Action item
Starting from the top of the entries below and ending with the line containing "Glow Cushion Foundation", restate every line word for word, pictures omitted.

========================

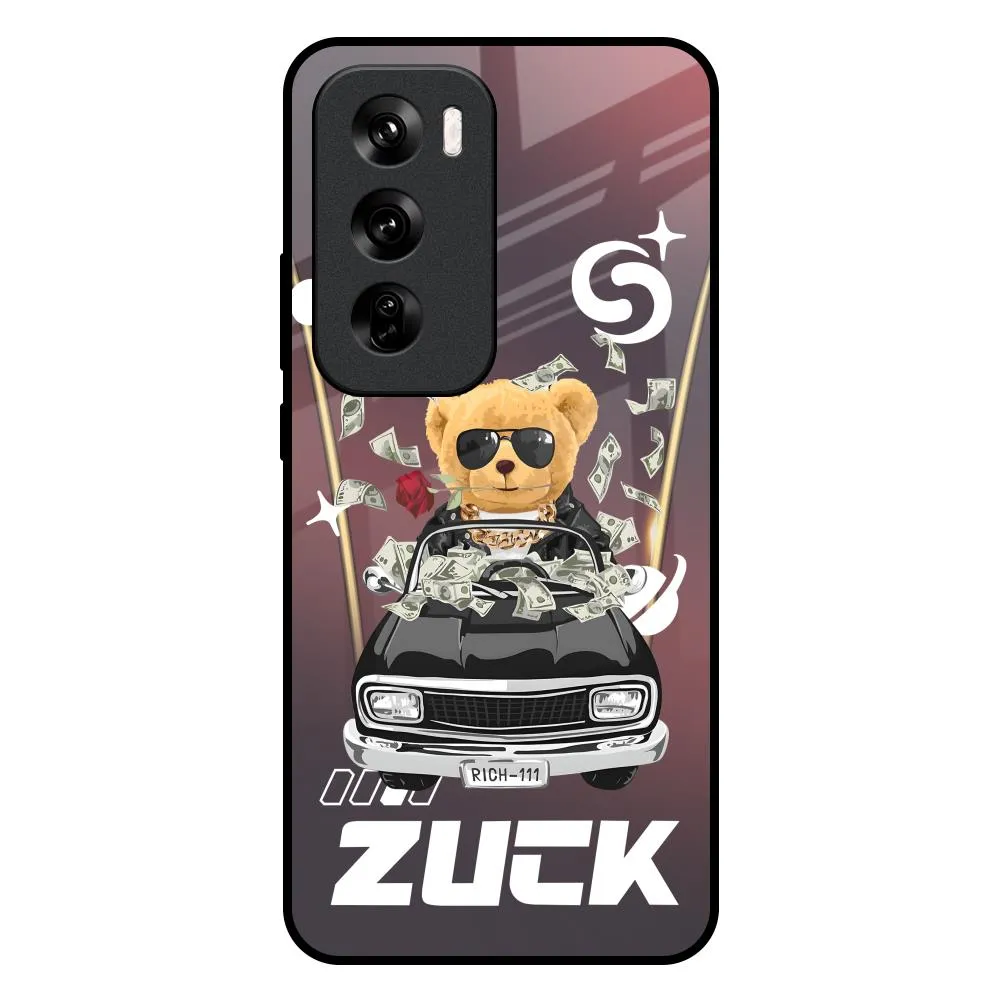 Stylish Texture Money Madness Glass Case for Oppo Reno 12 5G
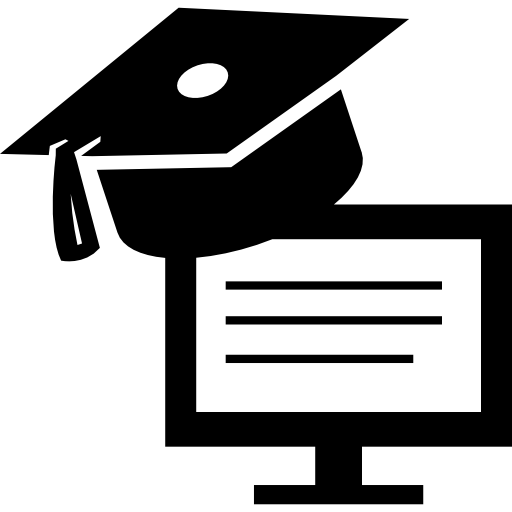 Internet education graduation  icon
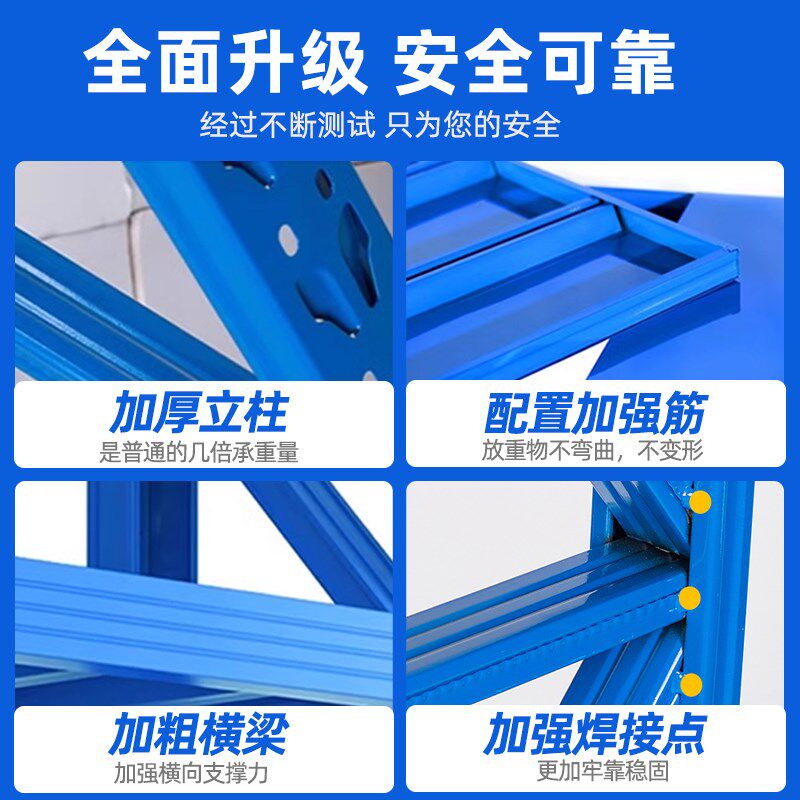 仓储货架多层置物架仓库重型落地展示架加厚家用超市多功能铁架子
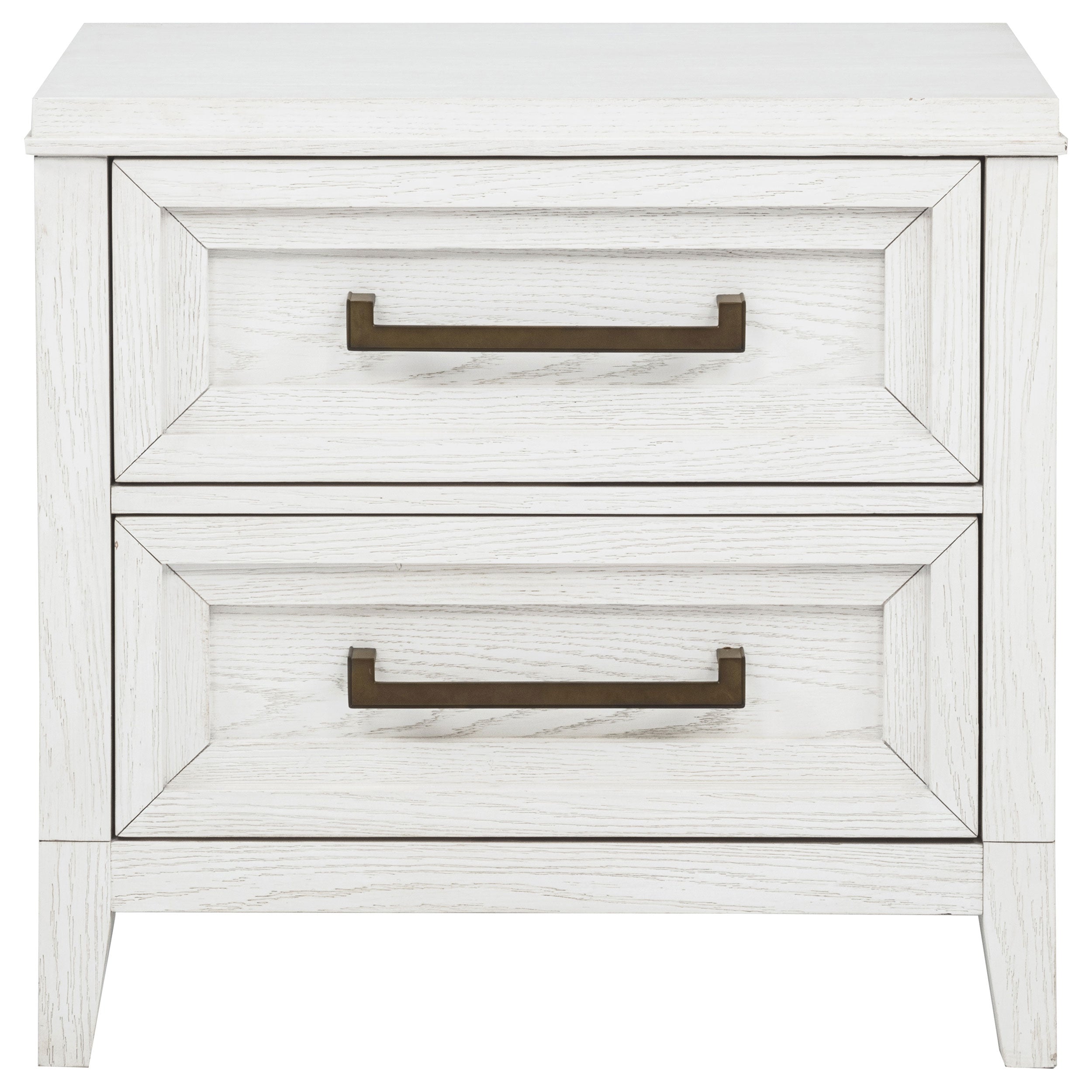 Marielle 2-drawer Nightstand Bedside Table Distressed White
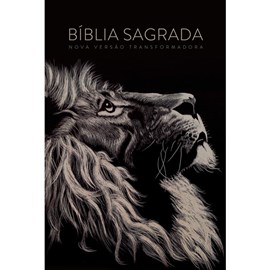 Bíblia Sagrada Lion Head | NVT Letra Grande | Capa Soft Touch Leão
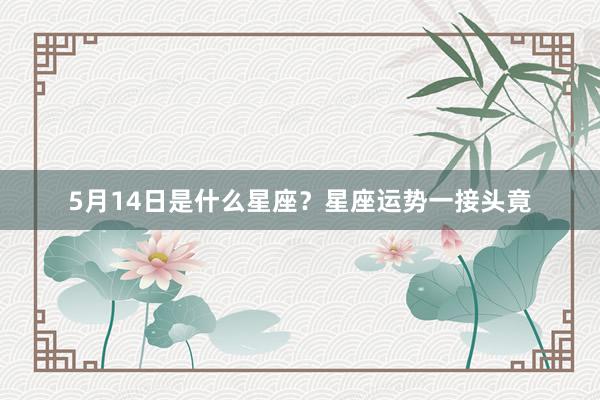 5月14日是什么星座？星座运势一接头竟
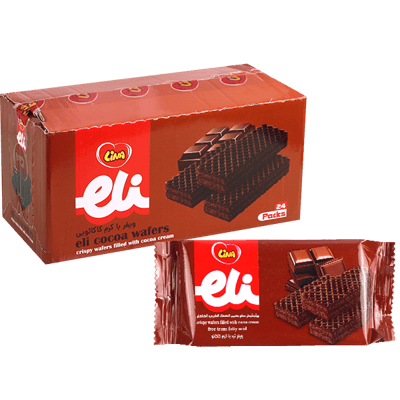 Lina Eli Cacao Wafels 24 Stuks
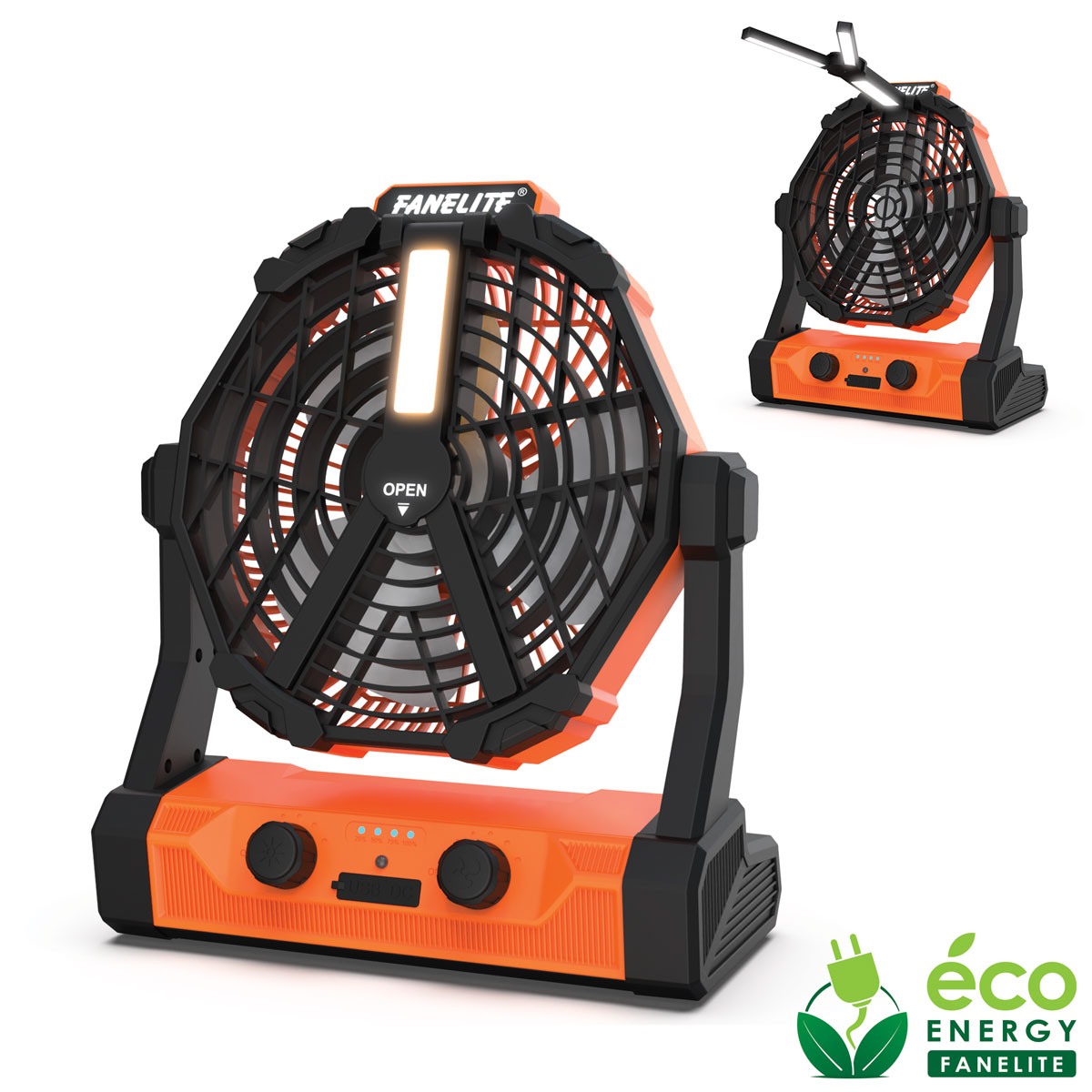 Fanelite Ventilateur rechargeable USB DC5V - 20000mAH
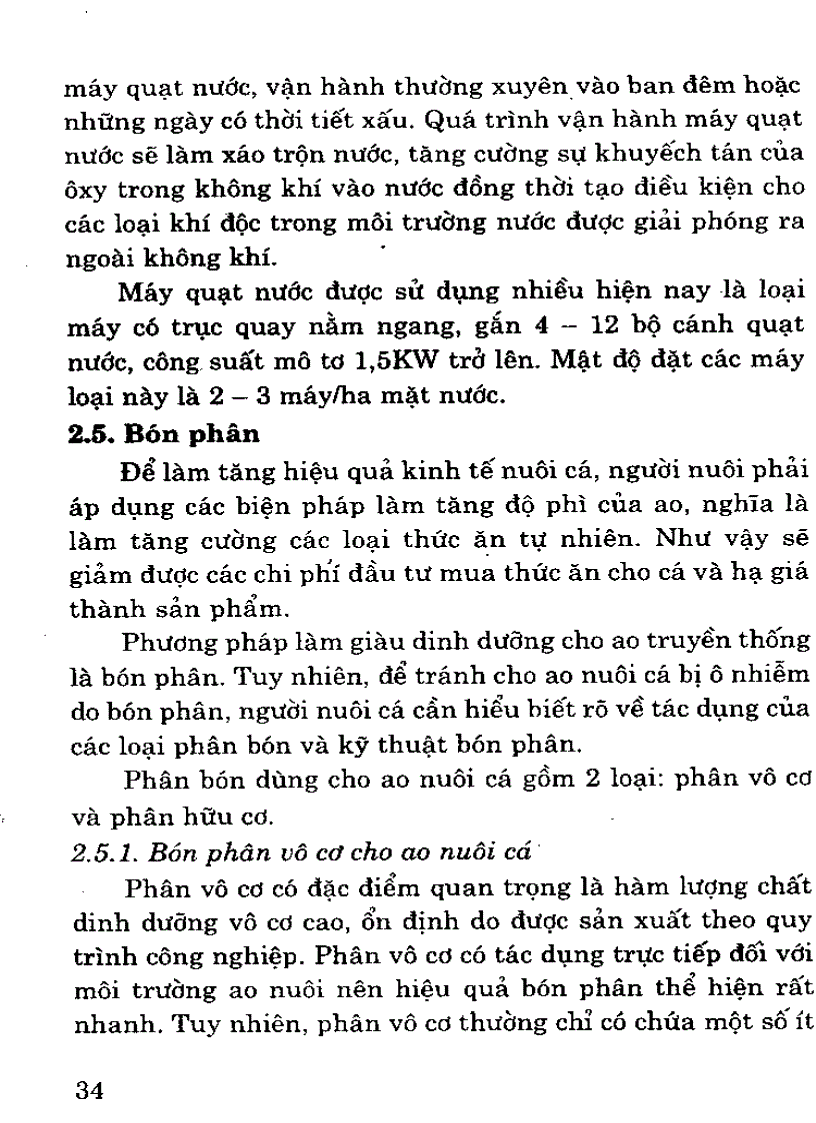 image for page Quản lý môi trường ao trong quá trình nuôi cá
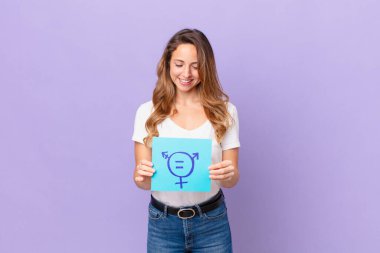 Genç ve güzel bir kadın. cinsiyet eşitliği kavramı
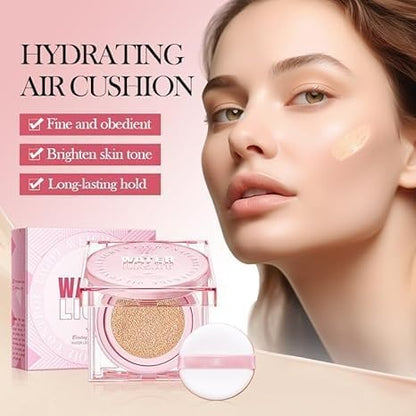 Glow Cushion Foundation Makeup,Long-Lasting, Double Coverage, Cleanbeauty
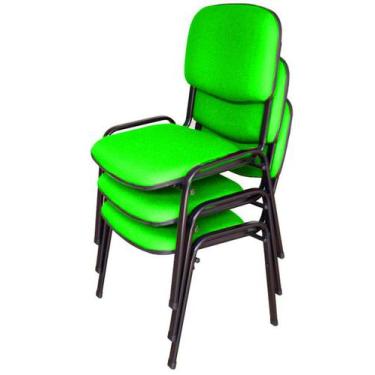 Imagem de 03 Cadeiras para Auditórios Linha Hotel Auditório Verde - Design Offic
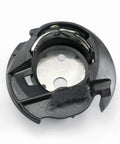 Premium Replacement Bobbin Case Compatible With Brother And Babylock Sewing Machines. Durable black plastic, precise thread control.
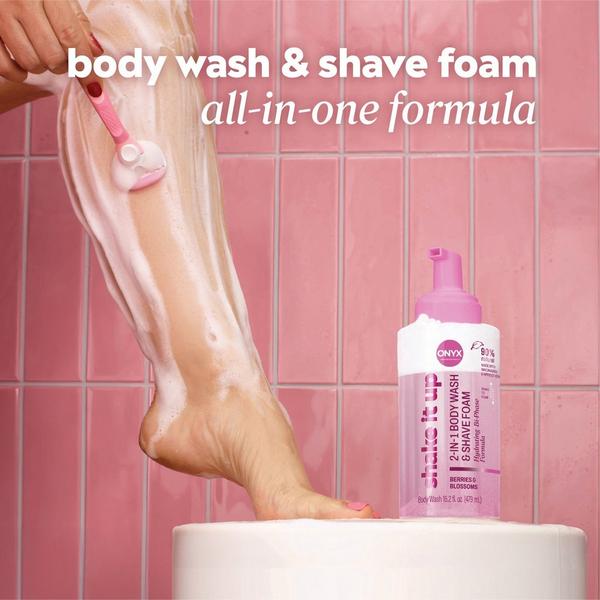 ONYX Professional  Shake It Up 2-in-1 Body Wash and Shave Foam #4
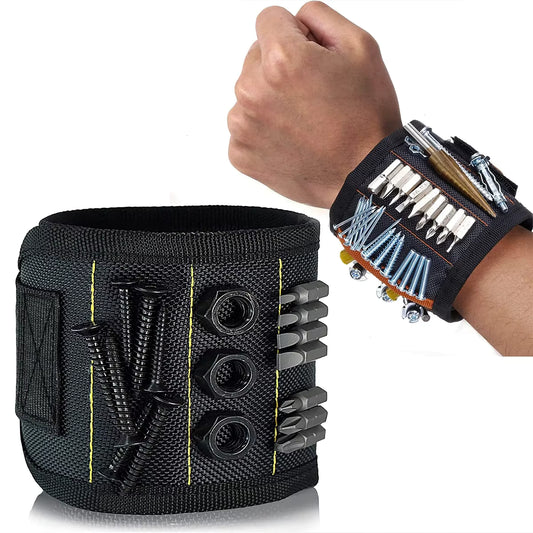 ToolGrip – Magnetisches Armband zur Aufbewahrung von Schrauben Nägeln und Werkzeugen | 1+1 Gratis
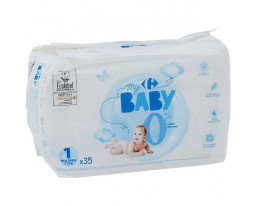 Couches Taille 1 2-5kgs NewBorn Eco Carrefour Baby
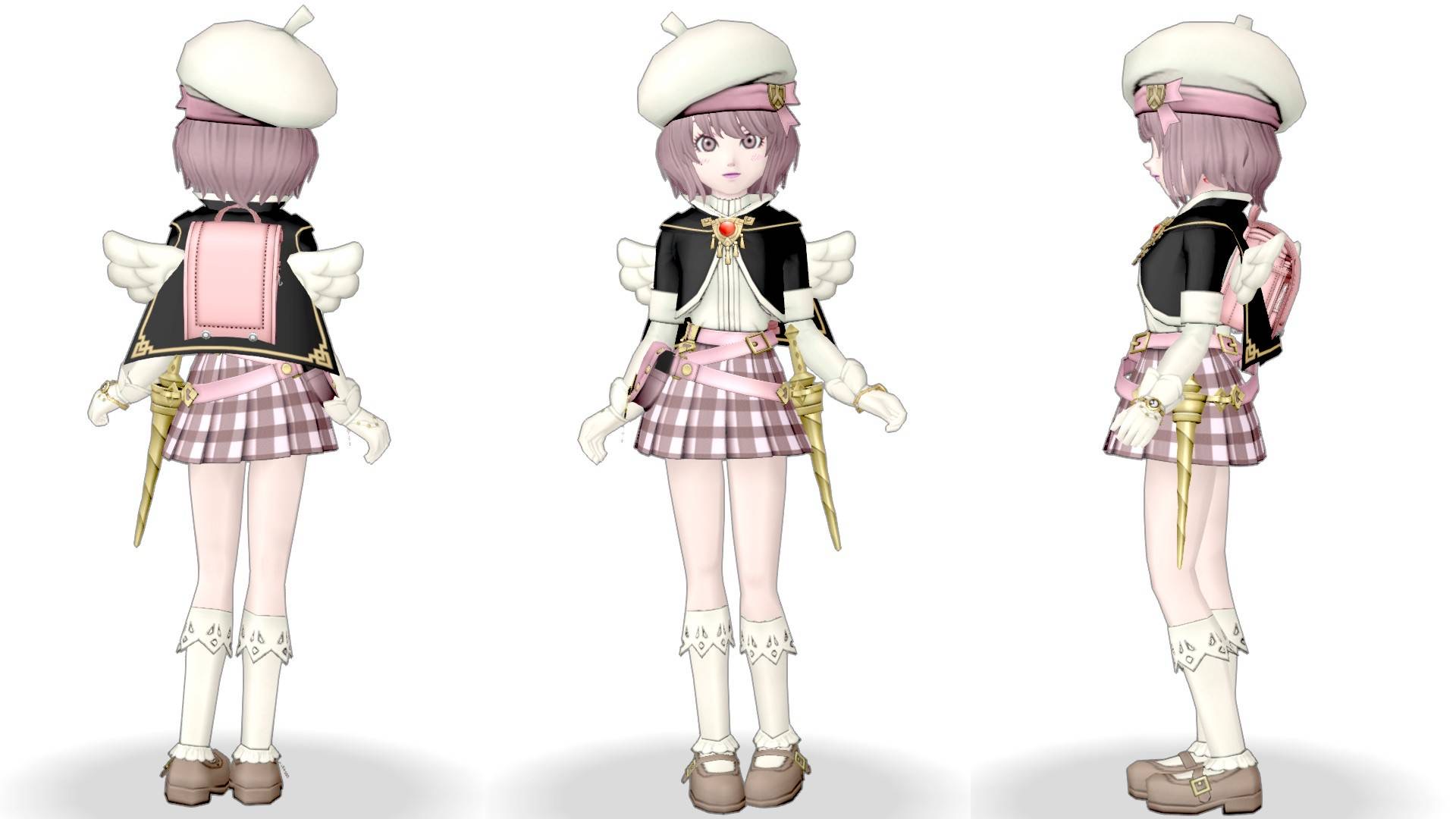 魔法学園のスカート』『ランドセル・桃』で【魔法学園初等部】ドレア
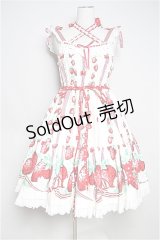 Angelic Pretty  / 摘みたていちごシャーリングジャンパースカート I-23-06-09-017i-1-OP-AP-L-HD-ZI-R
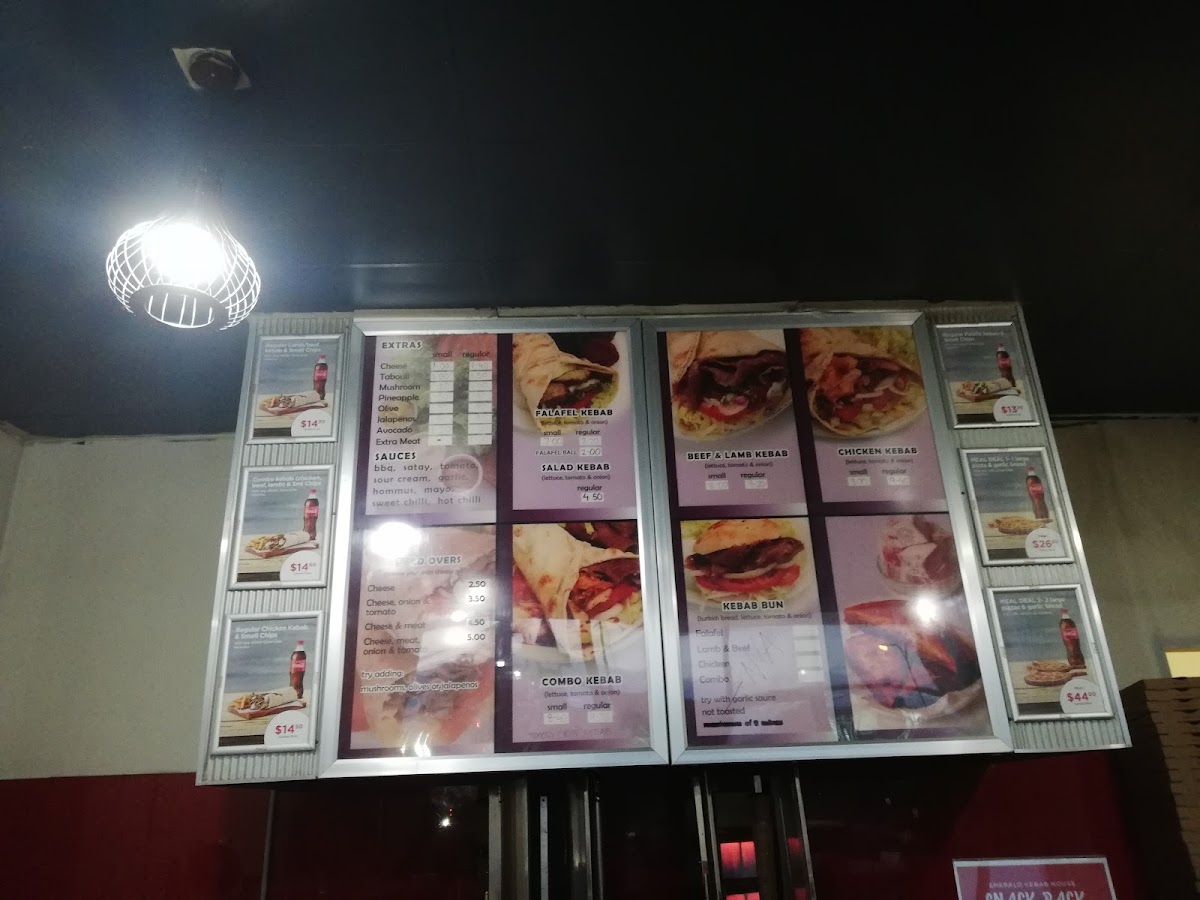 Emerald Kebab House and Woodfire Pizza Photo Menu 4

========================

Solution
 Stylish Texture Money Madness Glass Case for Oppo Reno 12 5G
 Internet education graduation  icon
 仓储货架多层置物架仓库重型落地展示架加厚家用超市多功能铁架子
 Marielle 2-drawer Nightstand Bedside Table Distressed White
 Bíblia Sagrada Lion Head | NVT Letra Grande | Capa Soft Touch Leão
 5月14日是什么星座？星座运势一接头竟
 Lina Eli Cacao Wafels 24 Stuks
 Fanelite Ventilateur rechargeable USB DC5V - 20000mAH
 image for page Quản lý môi trường ao trong quá trình nuôi cá
 Genç ve güzel bir kadın. cinsiyet eşitliği kavramı
 Glow Cushion Foundation Makeup,Long-Lasting, Double Coverage, Cleanbeauty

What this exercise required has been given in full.